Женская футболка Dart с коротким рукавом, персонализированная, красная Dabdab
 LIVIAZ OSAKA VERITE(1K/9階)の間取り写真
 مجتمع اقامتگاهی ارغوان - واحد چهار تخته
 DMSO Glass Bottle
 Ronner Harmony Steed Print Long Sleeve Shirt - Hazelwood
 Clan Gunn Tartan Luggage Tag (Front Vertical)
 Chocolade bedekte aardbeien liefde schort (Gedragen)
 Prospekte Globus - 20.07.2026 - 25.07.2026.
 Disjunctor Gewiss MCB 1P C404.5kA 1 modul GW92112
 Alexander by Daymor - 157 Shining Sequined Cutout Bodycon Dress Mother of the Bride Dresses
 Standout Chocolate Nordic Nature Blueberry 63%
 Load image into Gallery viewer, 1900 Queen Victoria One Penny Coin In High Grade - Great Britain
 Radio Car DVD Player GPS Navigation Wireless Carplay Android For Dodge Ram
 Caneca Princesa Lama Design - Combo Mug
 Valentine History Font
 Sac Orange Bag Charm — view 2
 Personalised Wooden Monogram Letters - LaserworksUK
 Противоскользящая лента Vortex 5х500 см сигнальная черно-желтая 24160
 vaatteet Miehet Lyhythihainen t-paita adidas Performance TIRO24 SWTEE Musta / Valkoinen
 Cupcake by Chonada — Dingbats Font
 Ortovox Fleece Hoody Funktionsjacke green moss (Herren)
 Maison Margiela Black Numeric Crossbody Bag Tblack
---+---
All of the data shown above should be printed exactly as given.

OUTPUT FOR THIS TASK.
Женская футболка Dart с коротким рукавом, персонализированная, красная Dabdab
 LIVIAZ OSAKA VERITE(1K/9階)の間取り写真
 مجتمع اقامتگاهی ارغوان - واحد چهار تخته
 DMSO Glass Bottle
 Ronner Harmony Steed Print Long Sleeve Shirt - Hazelwood
 Clan Gunn Tartan Luggage Tag (Front Vertical)
 Chocolade bedekte aardbeien liefde schort (Gedragen)
 Prospekte Globus - 20.07.2026 - 25.07.2026.
 Disjunctor Gewiss MCB 1P C404.5kA 1 modul GW92112
 Alexander by Daymor - 157 Shining Sequined Cutout Bodycon Dress Mother of the Bride Dresses
 Standout Chocolate Nordic Nature Blueberry 63%
 Load image into Gallery viewer, 1900 Queen Victoria One Penny Coin In High Grade - Great Britain
 Radio Car DVD Player GPS Navigation Wireless Carplay Android For Dodge Ram
 Caneca Princesa Lama Design - Combo Mug
 Valentine History Font
 Sac Orange Bag Charm — view 2
 Personalised Wooden Monogram Letters - LaserworksUK
 Противоскользящая лента Vortex 5х500 см сигнальная черно-желтая 24160
 vaatteet Miehet Lyhythihainen t-paita adidas Performance TIRO24 SWTEE Musta / Valkoinen
 Cupcake by Chonada — Dingbats Font
 Ortovox Fleece Hoody Funktionsjacke green moss (Herren)
 Maison Margiela Black Numeric Crossbody Bag Tblack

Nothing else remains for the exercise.